→ **INPUT**
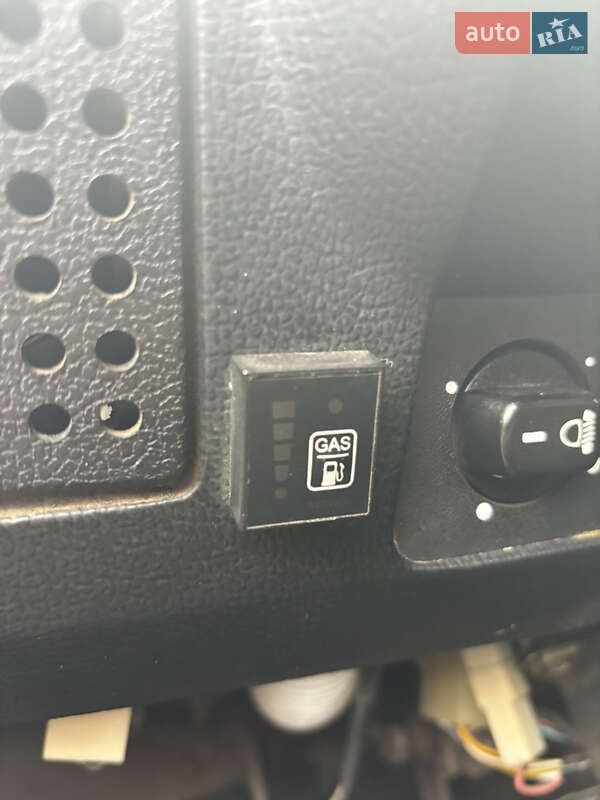 Седан ВАЗ / Lada 2107 2006 в Лозовой фото 6 Седан ВАЗ / Lada 2107 2006 в Лозовой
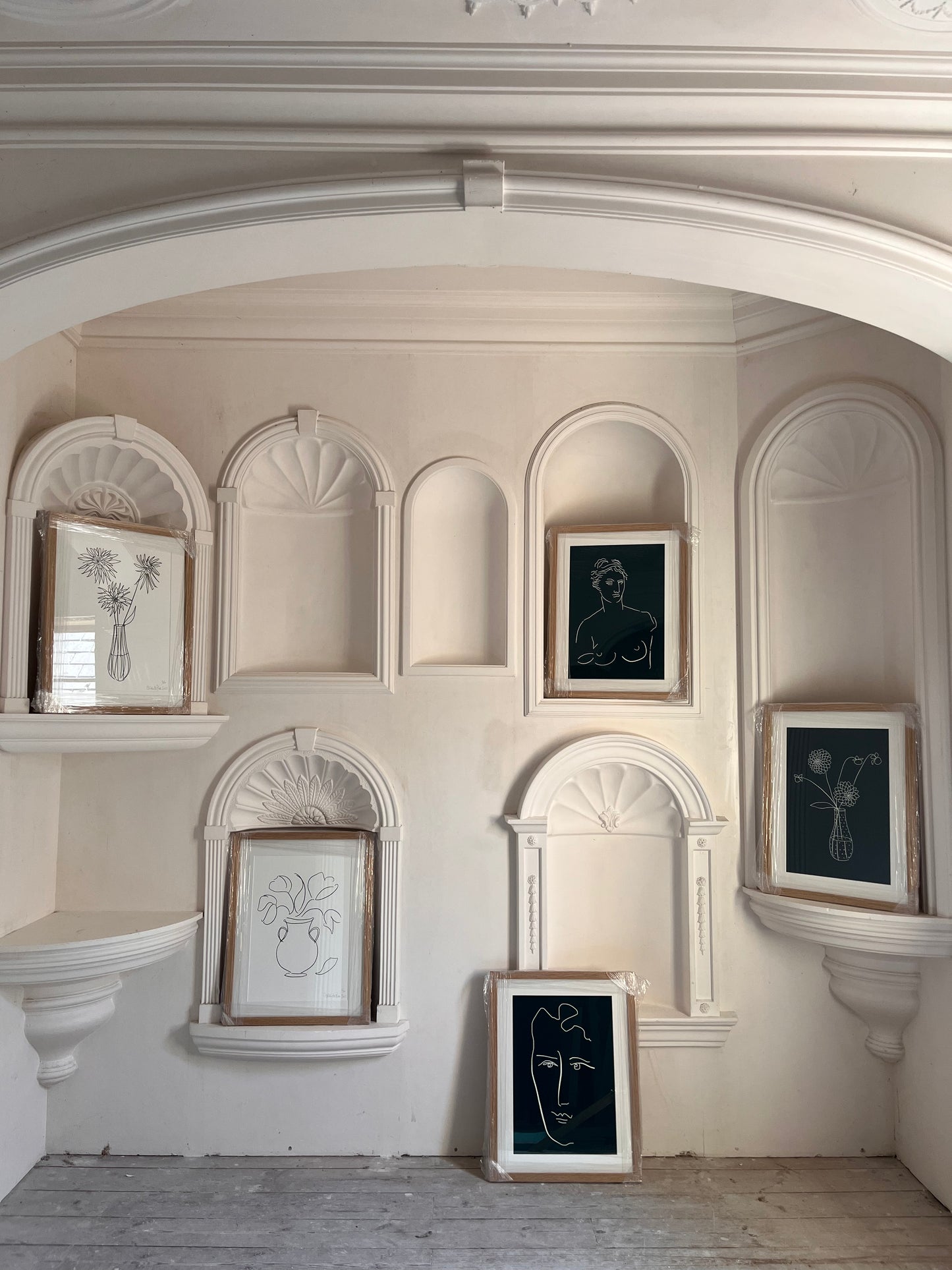 Venus de Milo Oak Framed Glicée Print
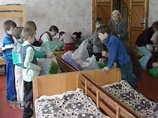 России предлагают избавиться от "сирот" - такого слова в обиходе быть не должно России предлагают избавиться от "сирот" - такого слова в обиходе быть не должно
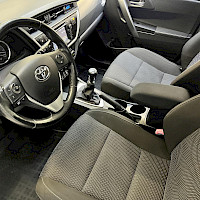 Toyota - Auris | 2013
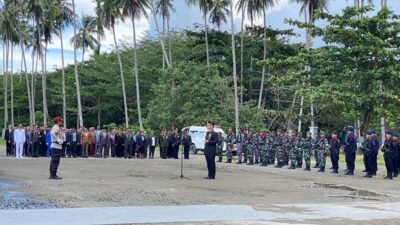 KET: Kapolres Raja Ampat, AKBP. I Gusti Gde Raka Metayasa, S.IK memimpin upacara tabur bunga di Pantai Waisai Torang Cinta (WTC). Sabtu, (17/08/24)/Aditya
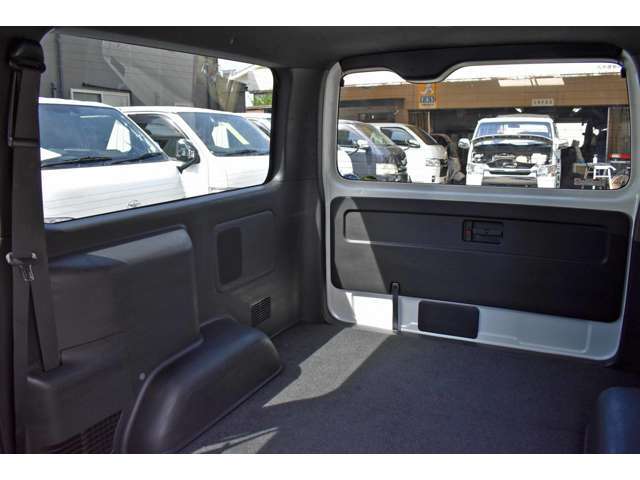 貨物車といえども安い買い物ではございませんので、次のオーナー様に気持ち良く使っていただけますよう細部に渡り徹底した清掃を実施しております。実際に見て触ってそのクオリティーを実感してください。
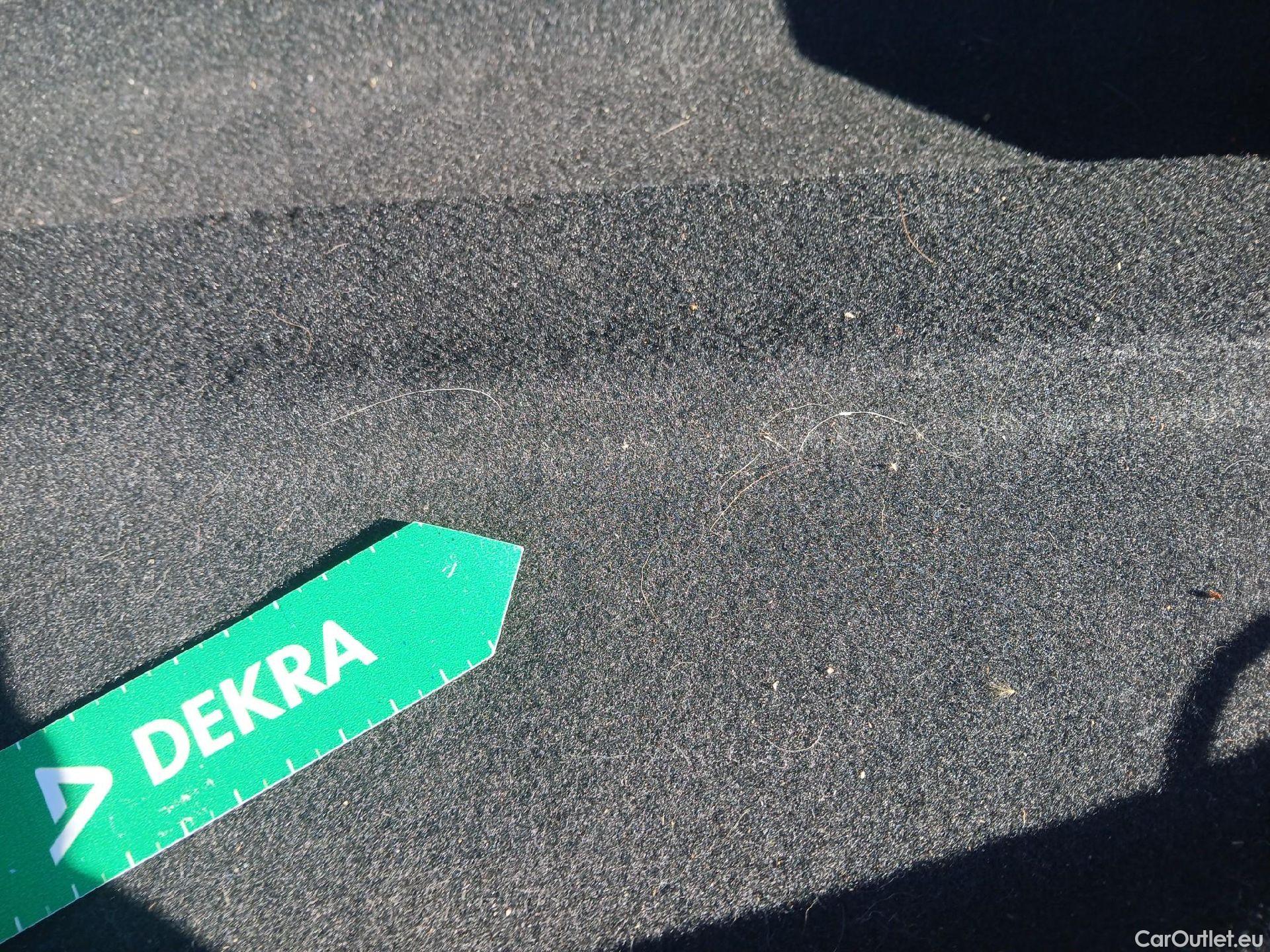  Citroen  C3 CITROEN  / 2020 / 5P / berlina con portón PureTech 81KW (110CV) S&S Feel Pack (AC2) #2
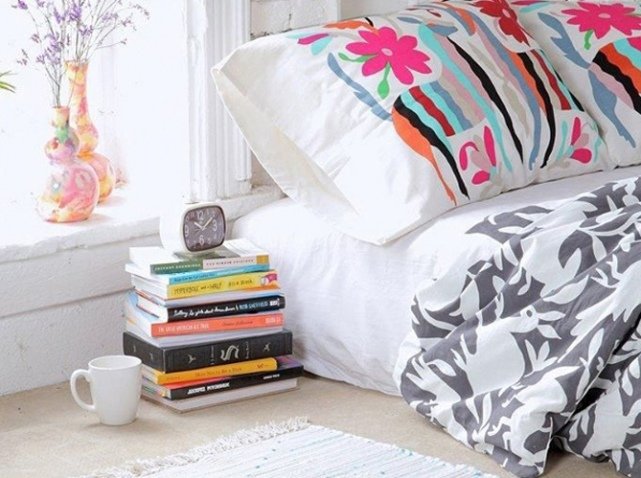 Фотография: в стиле , Спальня, Малогабаритная квартира, Советы, декор маленькой спальни, обустройство маленькой спальни, как сделать маленькую спальню уютной – фото на INMYROOM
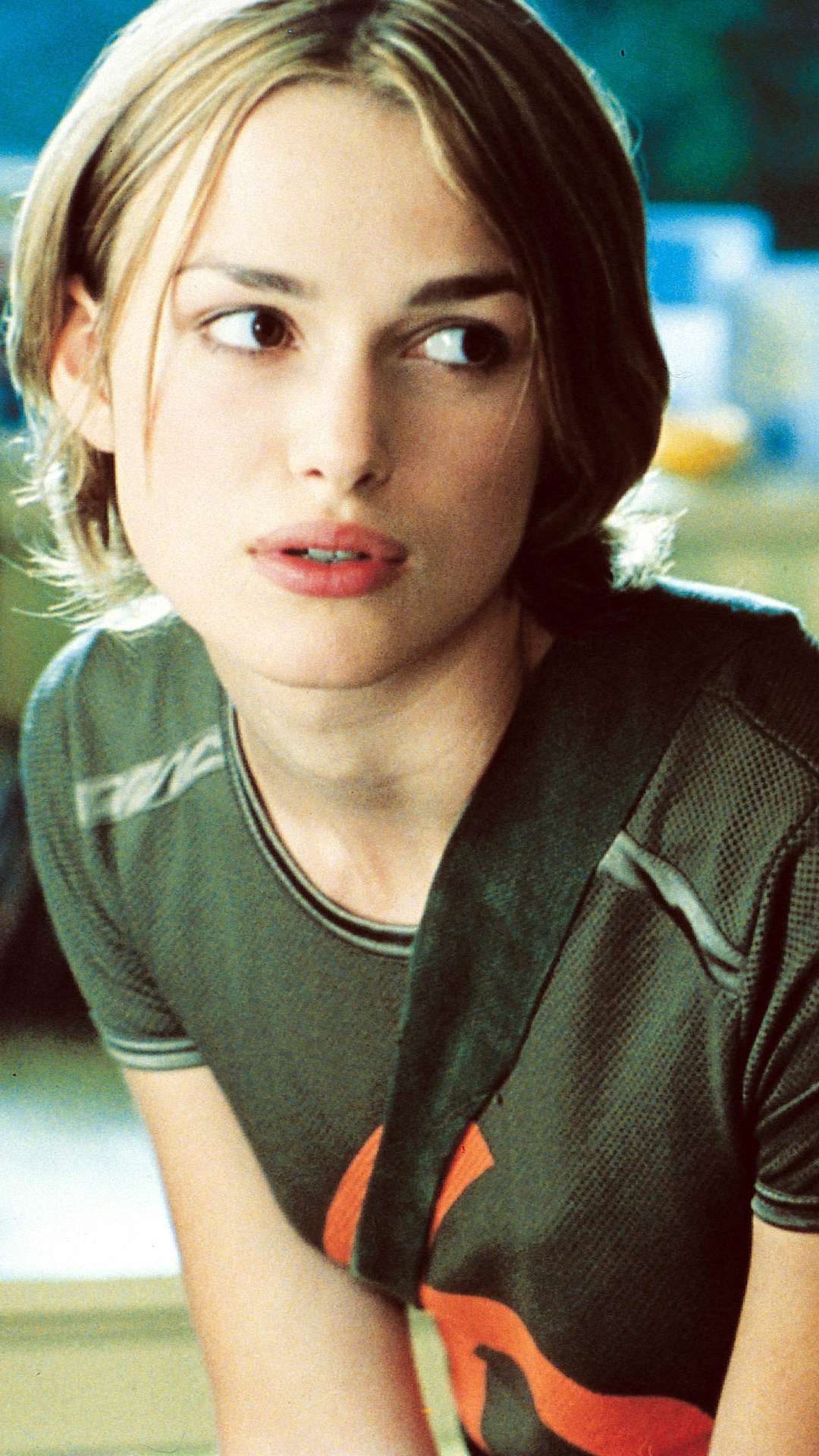 Phone wallpaper: Movie, Bend It Like Beckham, Keira Knightley 1313019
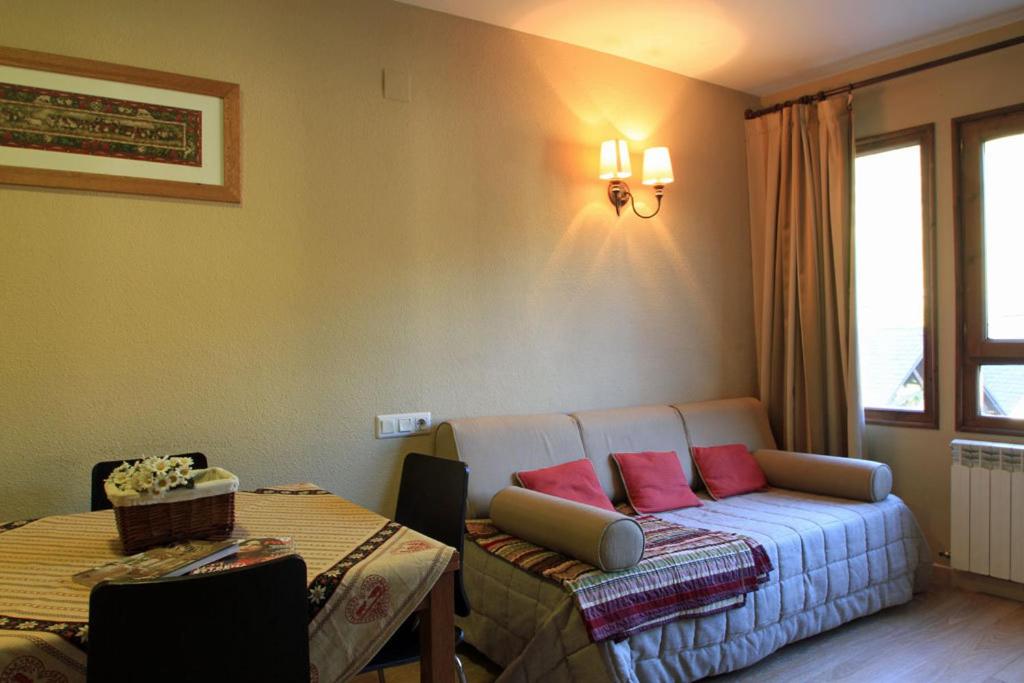 Two-Bedroom Apartment (4-6 Adults) photo 2
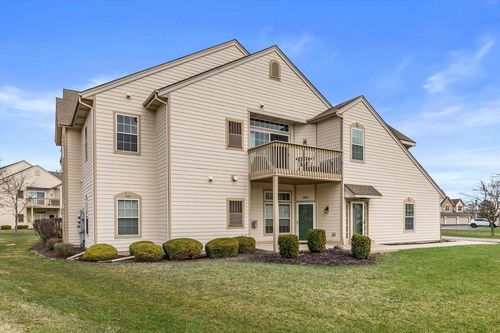 8517 S Stratford Road, Oak Creek, WI, 53154 | Card Image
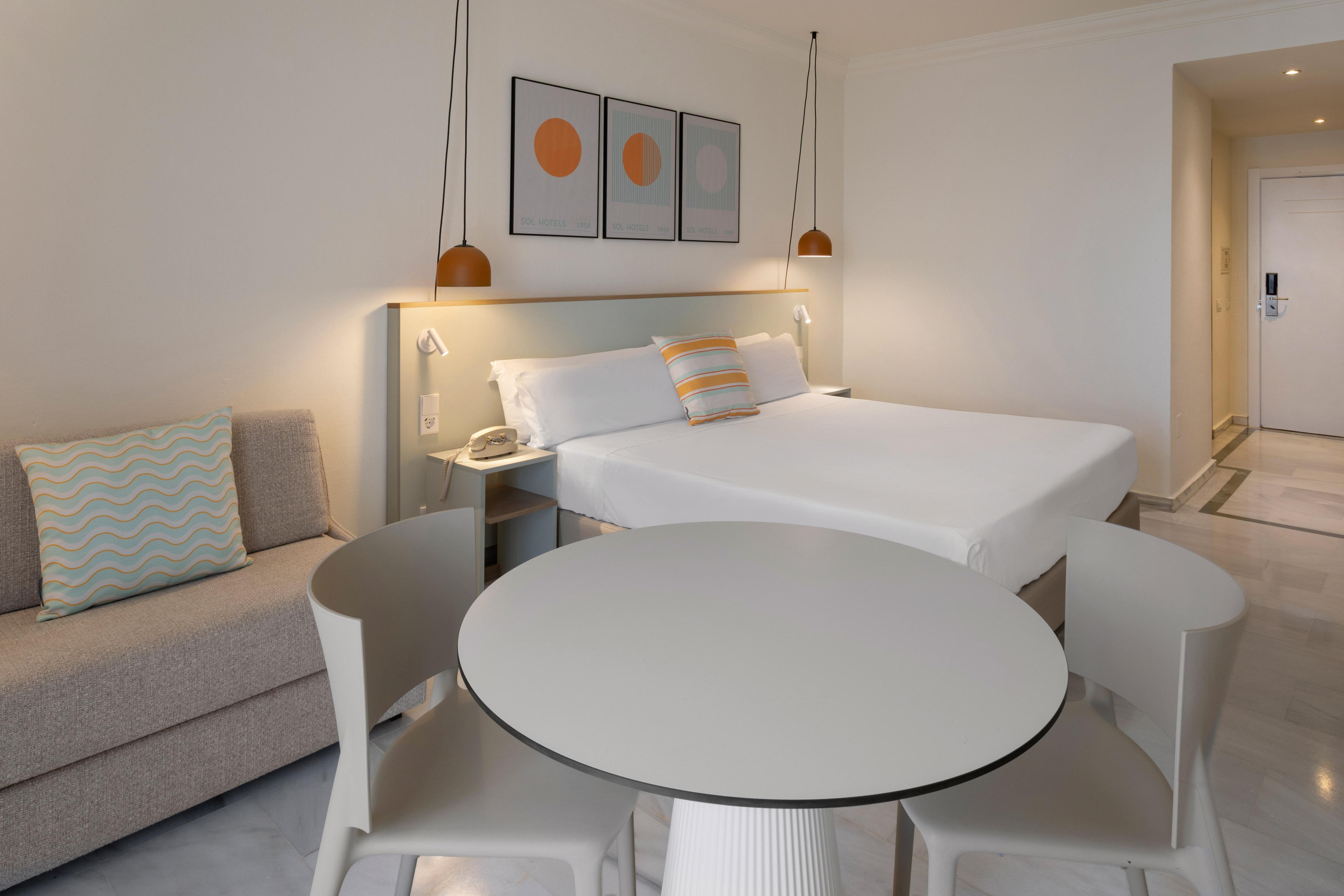 Standard, Side Sea View, Balcony or Terrace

→ **WORK INSTRUCTION**
Write the listing above out again word for word, excluding all images.

→ **THE ANSWER**
 Седан ВАЗ / Lada 2107 2006 в Лозовой фото 6 Седан ВАЗ / Lada 2107 2006 в Лозовой
 Venus de Milo Oak Framed Glicée Print
 России предлагают избавиться от "сирот" - такого слова в обиходе быть не должно России предлагают избавиться от "сирот" - такого слова в обиходе быть не должно
 Toyota - Auris | 2013
 KET: Kapolres Raja Ampat, AKBP. I Gusti Gde Raka Metayasa, S.IK memimpin upacara tabur bunga di Pantai Waisai Torang Cinta (WTC). Sabtu, (17/08/24)/Aditya
 貨物車といえども安い買い物ではございませんので、次のオーナー様に気持ち良く使っていただけますよう細部に渡り徹底した清掃を実施しております。実際に見て触ってそのクオリティーを実感してください。
  Citroen  C3 CITROEN  / 2020 / 5P / berlina con portón PureTech 81KW (110CV) S&S Feel Pack (AC2) #2
 Фотография: в стиле , Спальня, Малогабаритная квартира, Советы, декор маленькой спальни, обустройство маленькой спальни, как сделать маленькую спальню уютной – фото на INMYROOM
 Phone wallpaper: Movie, Bend It Like Beckham, Keira Knightley 1313019
 Two-Bedroom Apartment (4-6 Adults) photo 2
 8517 S Stratford Road, Oak Creek, WI, 53154 | Card Image
 Standard, Side Sea View, Balcony or Terrace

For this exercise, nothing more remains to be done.